Seit einigen Wochen steigt die Zahl von Geflüchteten, die über Belarus durch Polen in die westlichen EU-Mitgliedsstaaten gelangen wollen. Die Menschen fliehen vor dem Terror der Taliban, Hunger oder Verfolgung. Mittel- und orientierungslos werden die Geflüchteten, auf der Suche nach Schutz, zum Spielball der menschenverachtenden EU-Außenpolitik und dem belarussischen Diktator Alexander Lukaschenko.

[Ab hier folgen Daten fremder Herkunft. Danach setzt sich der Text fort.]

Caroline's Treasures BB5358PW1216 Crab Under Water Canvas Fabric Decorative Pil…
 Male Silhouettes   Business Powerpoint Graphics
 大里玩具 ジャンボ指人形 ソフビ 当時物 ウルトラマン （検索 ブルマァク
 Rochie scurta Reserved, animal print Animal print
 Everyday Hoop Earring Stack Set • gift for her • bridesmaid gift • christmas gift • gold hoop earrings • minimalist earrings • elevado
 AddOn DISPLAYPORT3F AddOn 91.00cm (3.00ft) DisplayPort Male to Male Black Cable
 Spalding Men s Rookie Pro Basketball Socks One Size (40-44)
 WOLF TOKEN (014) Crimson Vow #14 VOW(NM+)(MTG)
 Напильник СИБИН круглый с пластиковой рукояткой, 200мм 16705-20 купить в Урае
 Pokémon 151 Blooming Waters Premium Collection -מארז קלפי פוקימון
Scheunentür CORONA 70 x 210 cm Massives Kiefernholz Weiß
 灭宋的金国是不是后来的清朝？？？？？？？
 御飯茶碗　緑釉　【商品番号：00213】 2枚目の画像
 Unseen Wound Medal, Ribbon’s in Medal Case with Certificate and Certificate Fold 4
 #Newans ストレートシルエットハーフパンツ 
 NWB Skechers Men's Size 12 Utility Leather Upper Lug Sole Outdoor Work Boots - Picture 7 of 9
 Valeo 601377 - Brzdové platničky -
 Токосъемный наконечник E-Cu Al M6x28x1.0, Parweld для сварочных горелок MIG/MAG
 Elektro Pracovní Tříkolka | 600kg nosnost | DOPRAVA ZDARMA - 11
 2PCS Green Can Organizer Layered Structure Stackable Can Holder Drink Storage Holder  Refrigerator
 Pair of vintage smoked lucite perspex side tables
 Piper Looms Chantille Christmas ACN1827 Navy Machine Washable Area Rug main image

In Deutschland rufen nun immer mehr militante Neonazis dazu auf, an den Grenzen zu patrouillieren, um Geflüchtete an einem Grenzübertritt zu hindern.  

Europaweite Push-Backs 

Doch in den seltensten Fällen sind es Neonazis, die versuchen Migrant:innen möglichst unbemerkt an einem Grenzübertritt zu hindern. Meist sind es Frontex-Beamt:innen, Polizist:innen oder die Küstenwache die versuchen Migrant:innen möglichst unbemerkt an einem Grenzübertritt zu hindern und sie so unmittelbar in Lebensgefahr zu bringen. Dieses oftmals, gewaltvolle Zurückdrängen von Migrant:innen in einem Grenzgebiet wird als Push-Back bezeichnet. Ob auf dem Mittelmeer oder in den Wäldern Osteuropas, solche Push-Backs sind im Zusammenhang mit der europäischen „Willkommenskultur“ leider nicht neues. Push-Backs verstoßen gegen die Europäischen Menschenrechtskonventionen und sind somit völkerrechtswidrig.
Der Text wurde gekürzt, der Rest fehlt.